In 2022 – for the first time in New Zealand history – the Supreme Court allowed the appeal to proceed posthumously.
Peter Ellis, pictured in 2003, was convicted at his trial in 1993 of 16 counts of sexual offending against seven children at the Christchurch creche where he worked. Photo / Martin Woodhall
A panel of senior judges unanimously found that Ellis had suffered a substantial miscarriage of justice due to inadmissible expert evidence and the risk of contamination in the children’s testimonies.
They ruled that during the trial the evidence from the Crown’s expert witness lacked balance.
Further, the jury was not adequately informed about the risk of contamination in the memories of young children.
The case of Peter Ellis is one of the most controversial court cases and arguably one of the most outrageous miscarriages of justice in our country’s legal history.
In today’s episode of A Moment In Crime, host and senior journalist Anna Leask discusses the story of Peter Ellis – who he was, how he came to be at the centre of a national sex abuse scandal and why he was finally exonerated.

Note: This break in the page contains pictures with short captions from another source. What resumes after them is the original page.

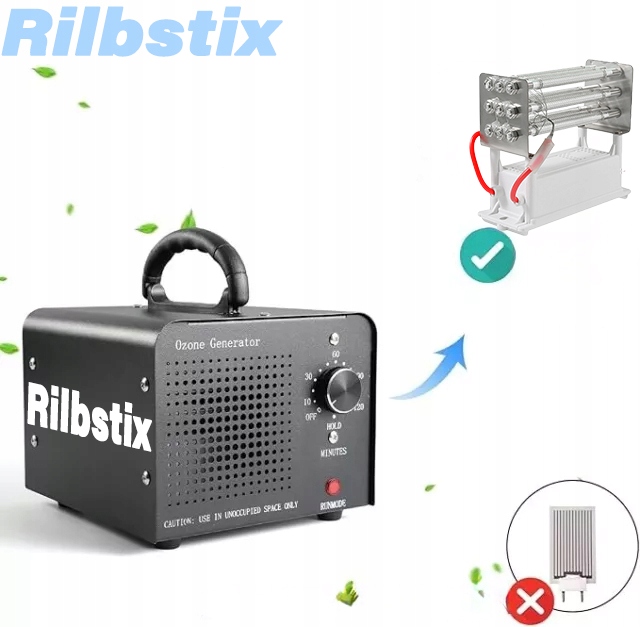 OZONATOR GENERATOR OZONU OCZYSZCZACZ DO POWIETRZA 60 000 mg/h +TIMER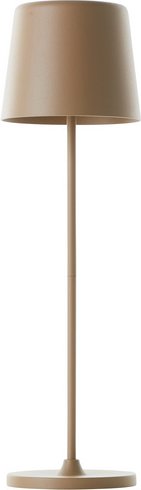 Brelight Akku-Tischleuchte »KAAMI«, ØxH: 10 x 37 cm, 310 lm, warmweiß, cappuccino matt - beige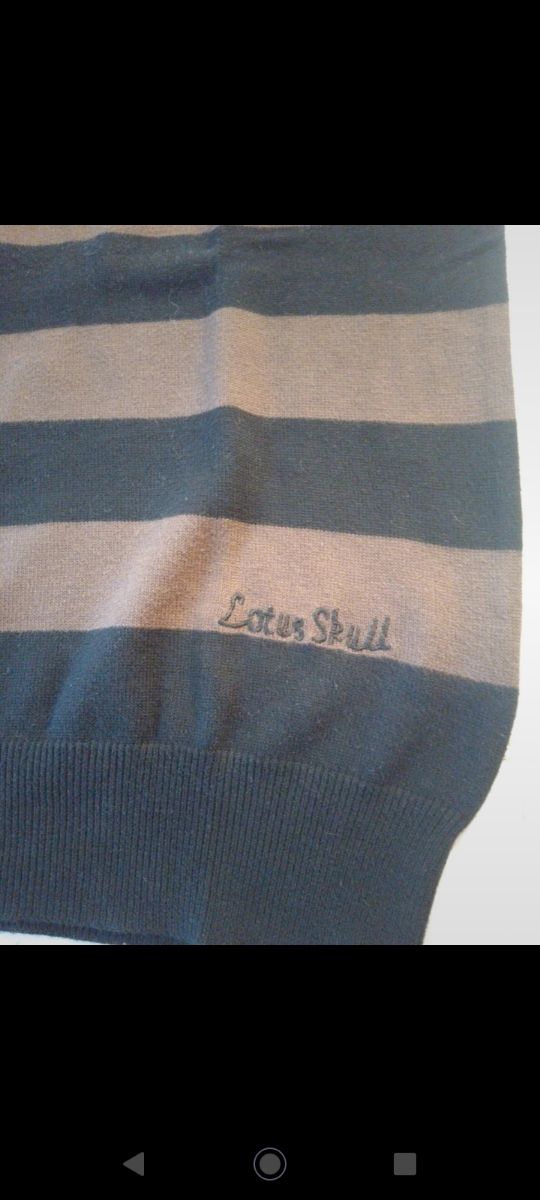 Maglione ZARA MAN marrone nero, taglia M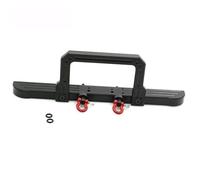 MKIUYVD Paraurti RC per D90 D110 Paraurti Anteriore Metallo per Auto Cingolata Radiocomandata 1/10 RC con Grilli per Montaggio su Verricello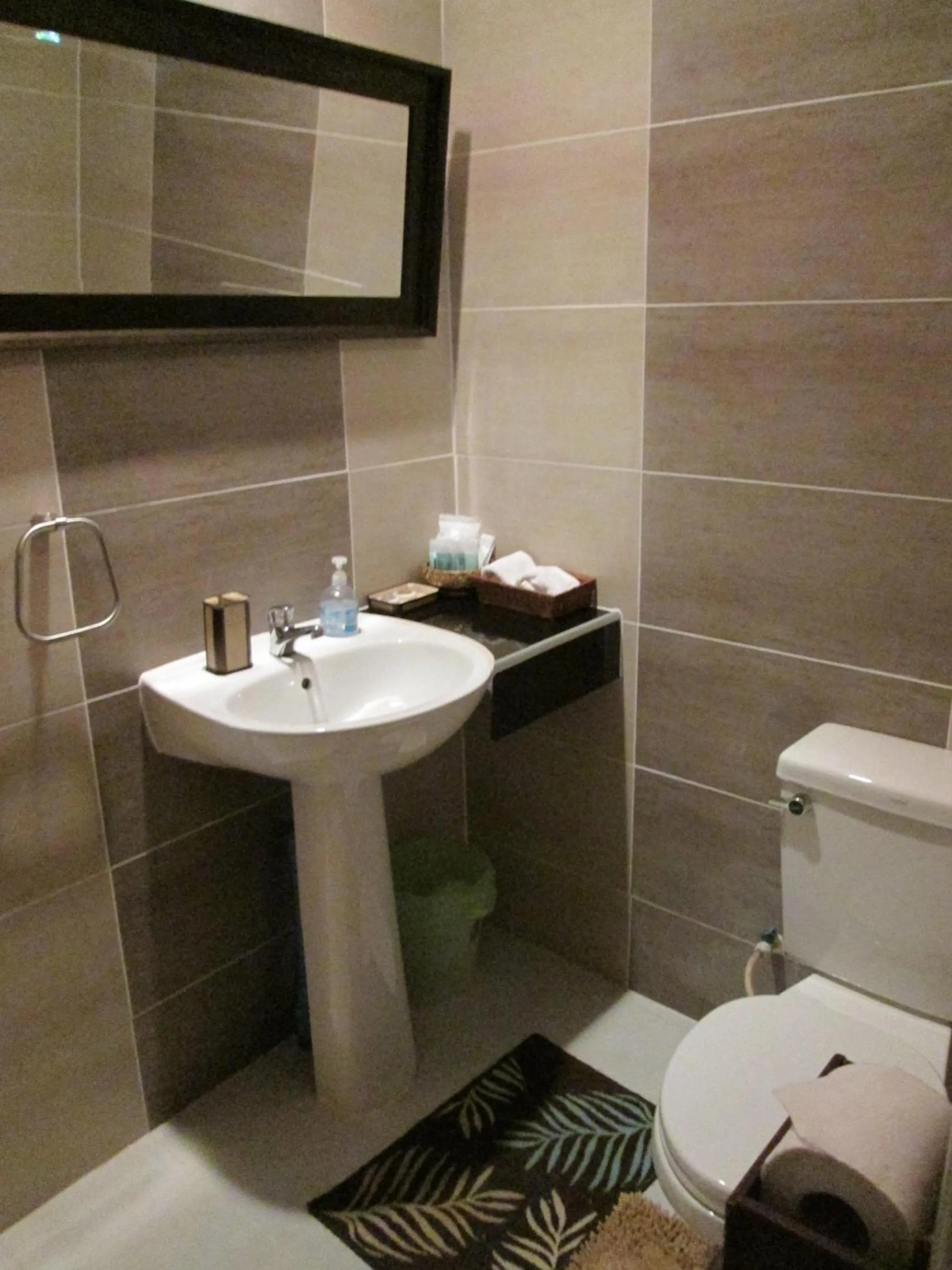 Bathroom in Aerie Lodge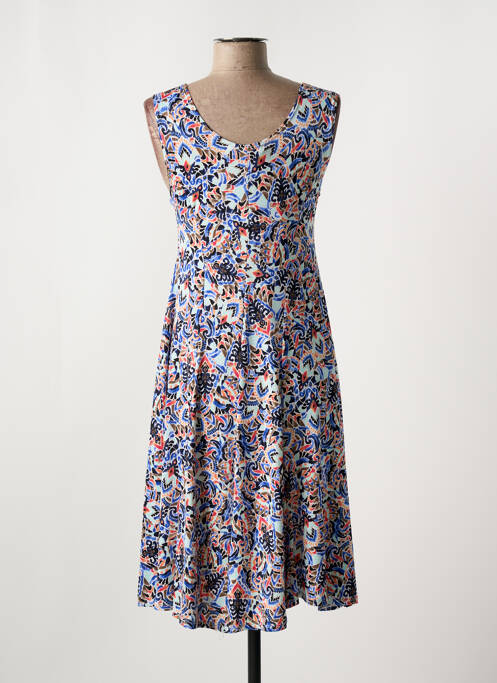 Rochie midi albastru JOY'S PARIS femeie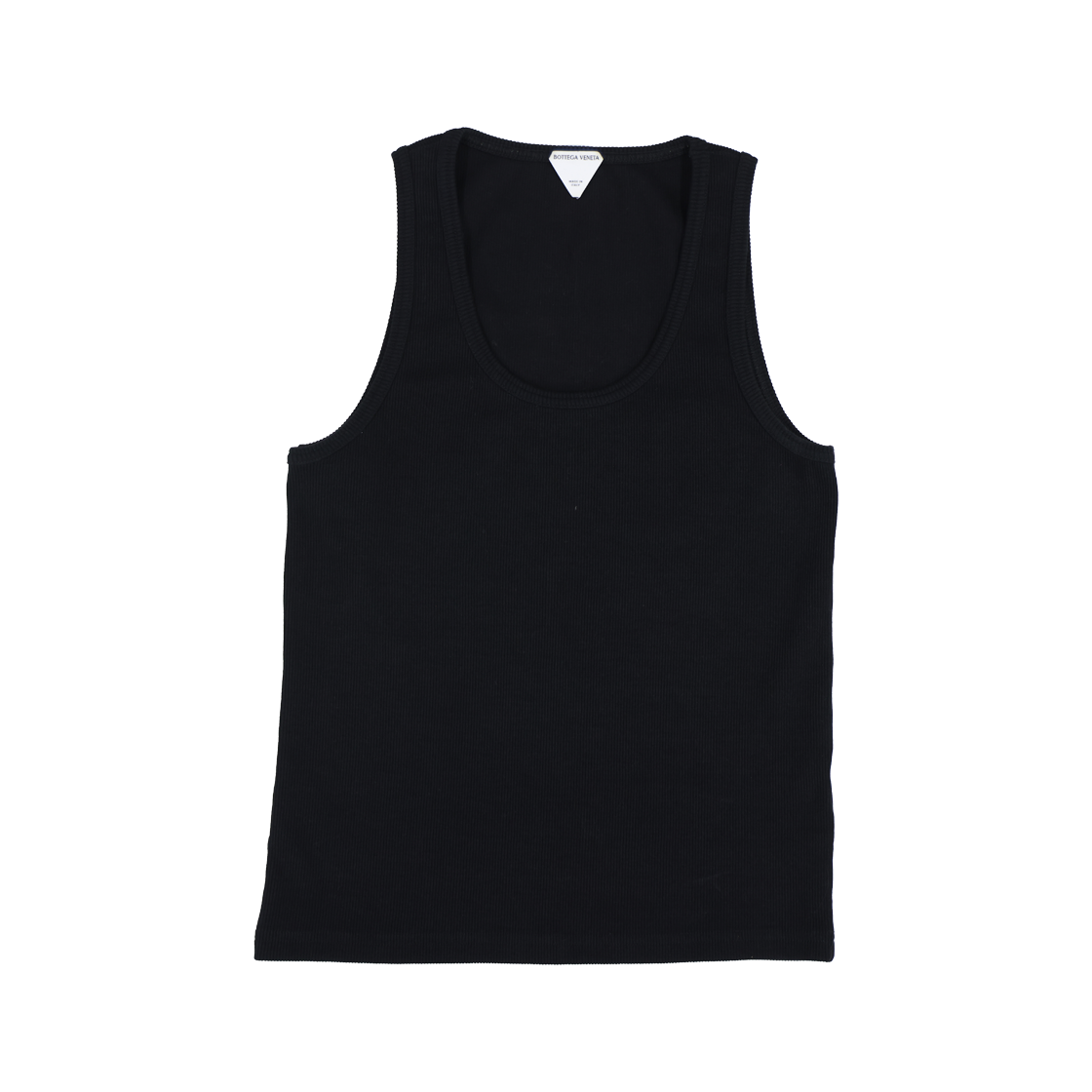 ITS4VCT3GMSP Bottega Veneta 715043 Black Sleeveless Top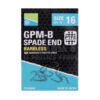 Ami Preston GPM-B Spade End Barbless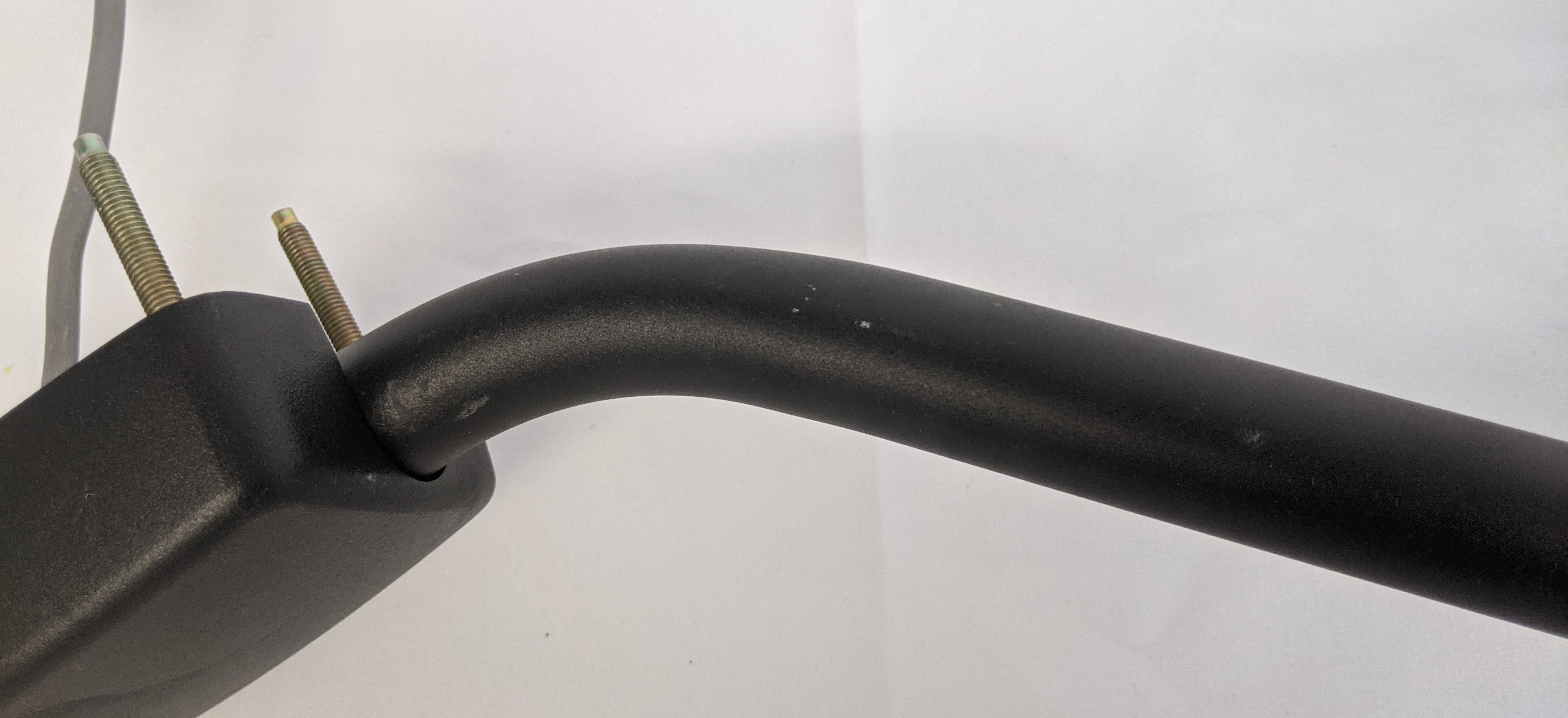Freightliner LH HTD Long BBC Black AUX Hood Mirror - P/N  A22-76681-002 (8164792467772)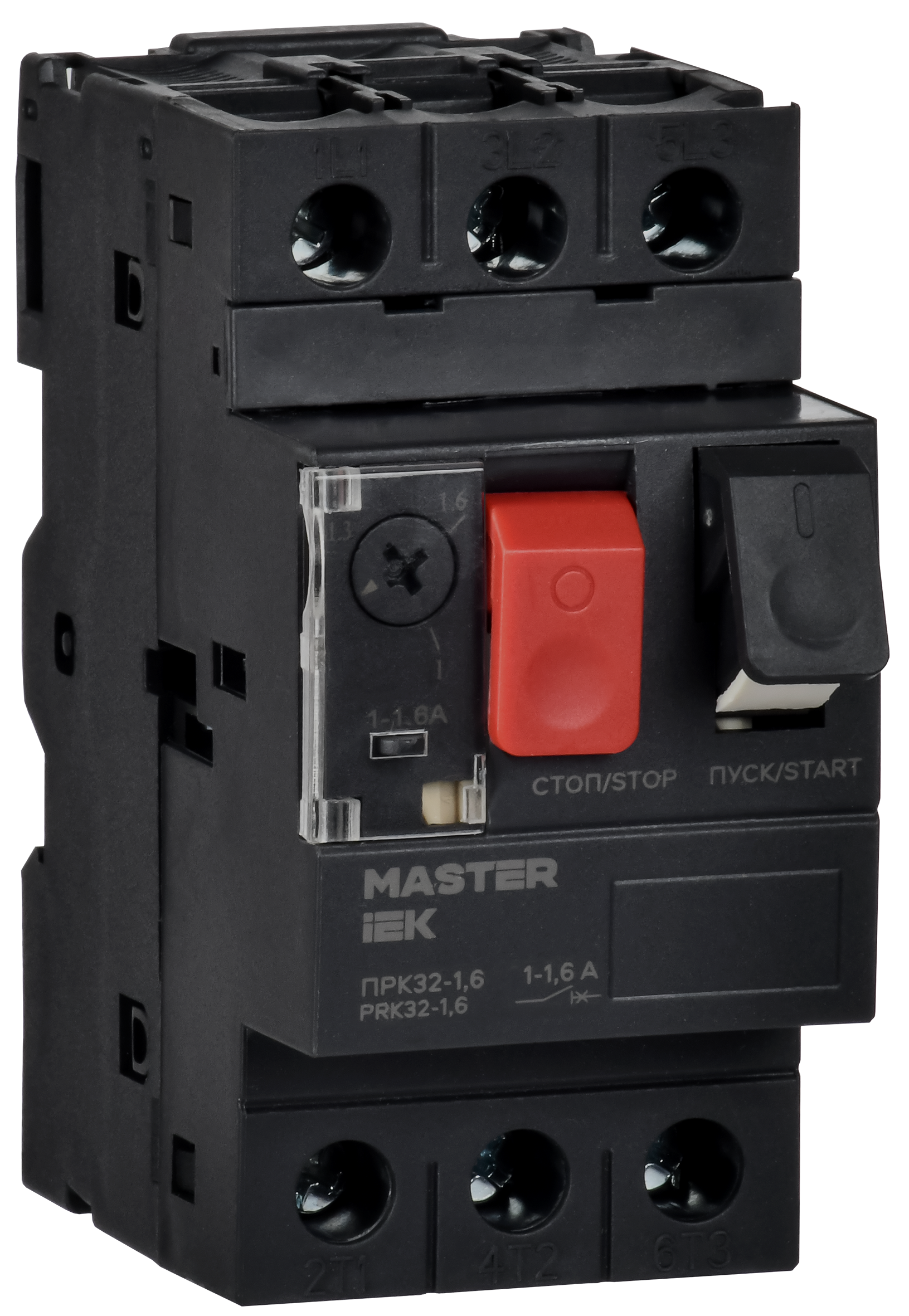 Пускатель 1-1.6А ПРК32-1.6 управление кнопками
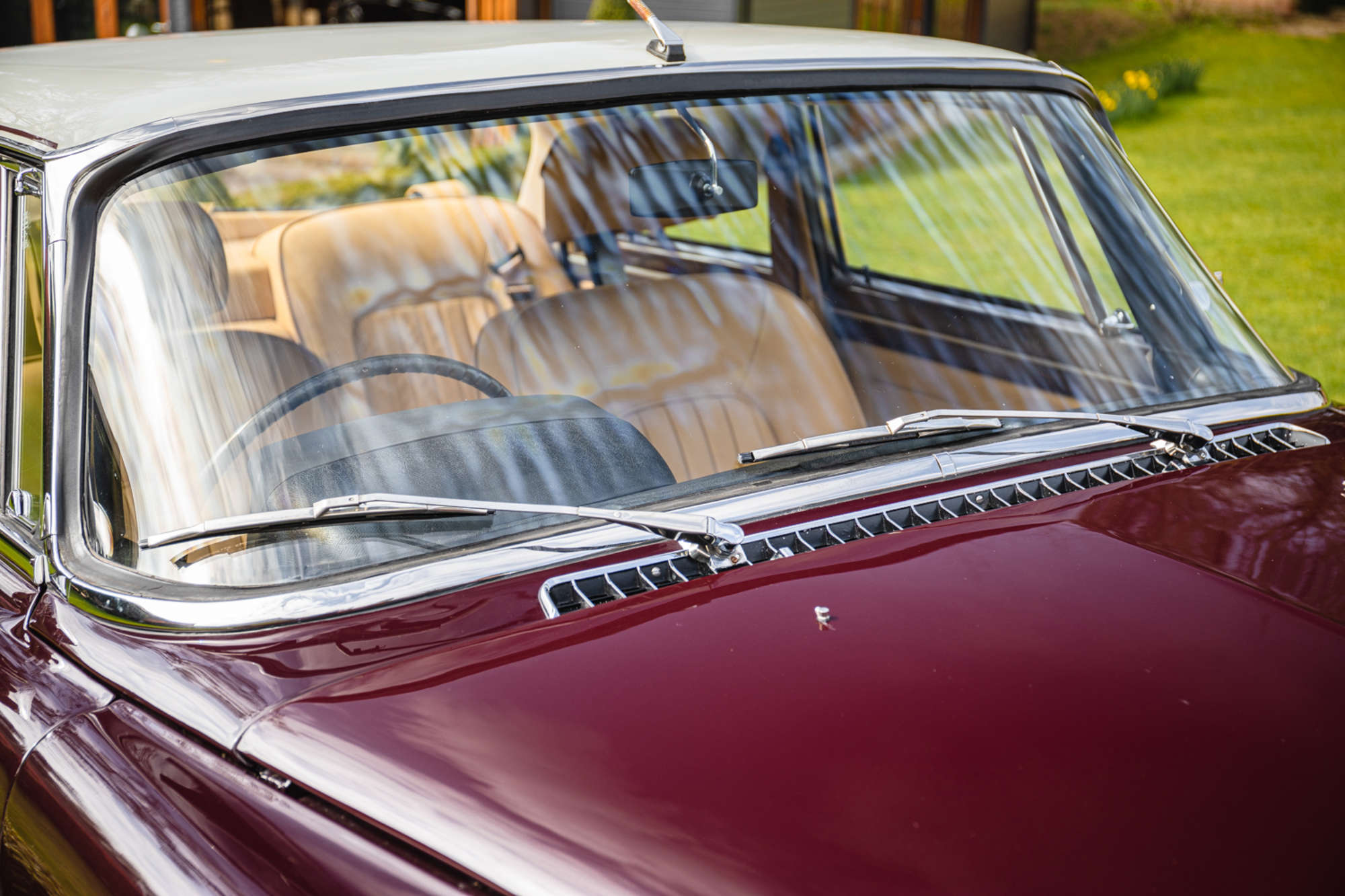 1973 Rover P5B Coupé-Sold
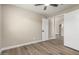 Stylish bedroom with wood floor and ample closet space at 399 W Buena Vista Dr, Tempe, AZ 85284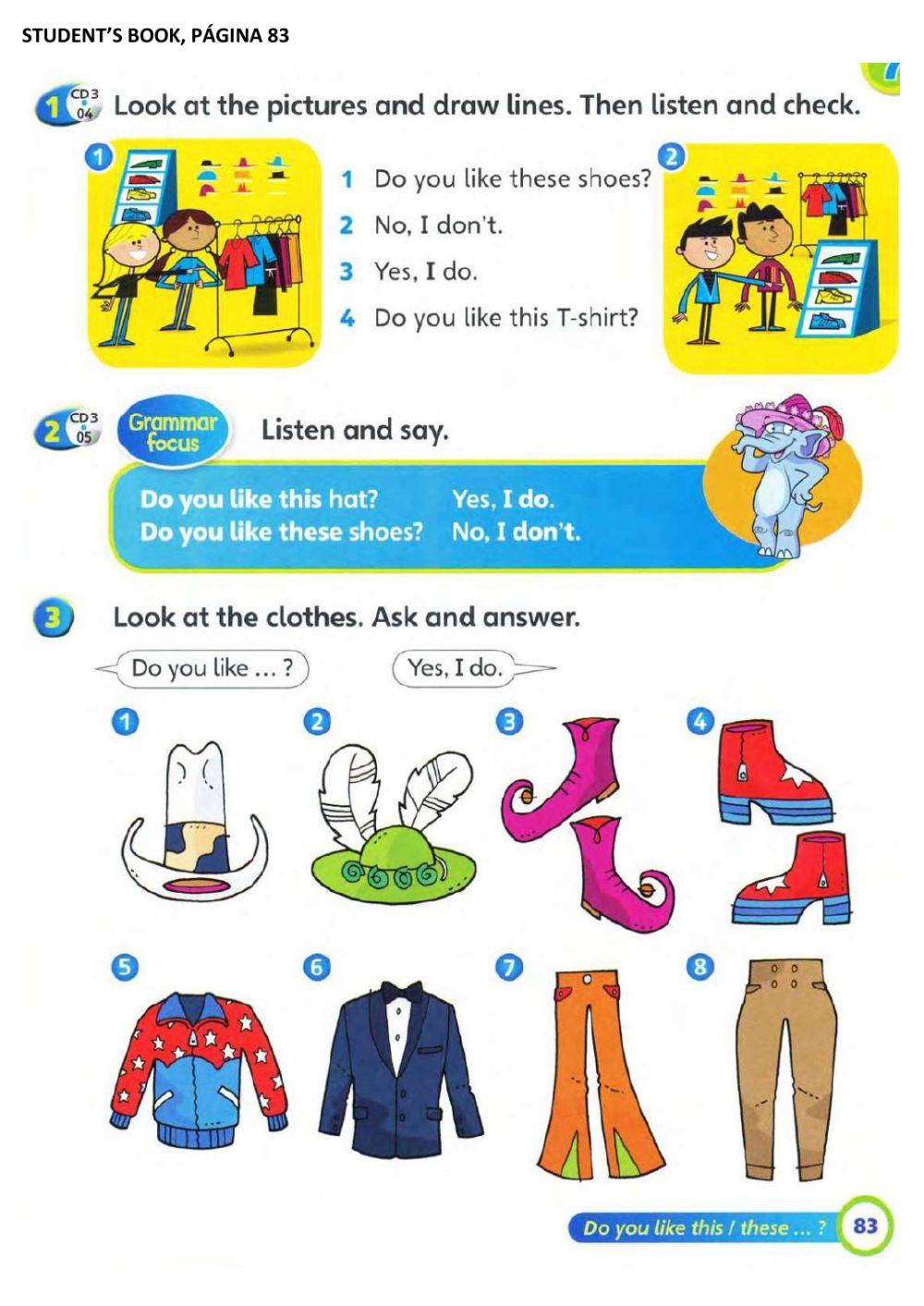 Superminds clothes unit 7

Herald podcast A Moment In Crime has reached 1 million downloads.
Episodes of A Moment In Crime are usually released monthly and, so far, Leask has covered more than 60 cases, including the murders of Grace Millane, Scott Guy, Austin Hemmings, Carmen Thomas, Karen Aim; the deaths of the Kahui twins; the Christchurch mosque attack and the historic Heavenly Creatures murder; the case of Lauren Dickason who was jailed for murdering her three young daughters soon after emigrating to New Zealand; and the massacres at Raurimu and Aramoana.
Since 2019, A Moment in Crime has produced over 50 episodes and has been downloaded over 1 million times, with listeners in over 170 countries. It was nominated for Best True Crime Podcast at the 2024 Radio and Podcast Awards.
A Moment in Crime is available on iHeartRadio, Apple Podcasts, Spotify or wherever you get your podcasts. New episodes are released monthly.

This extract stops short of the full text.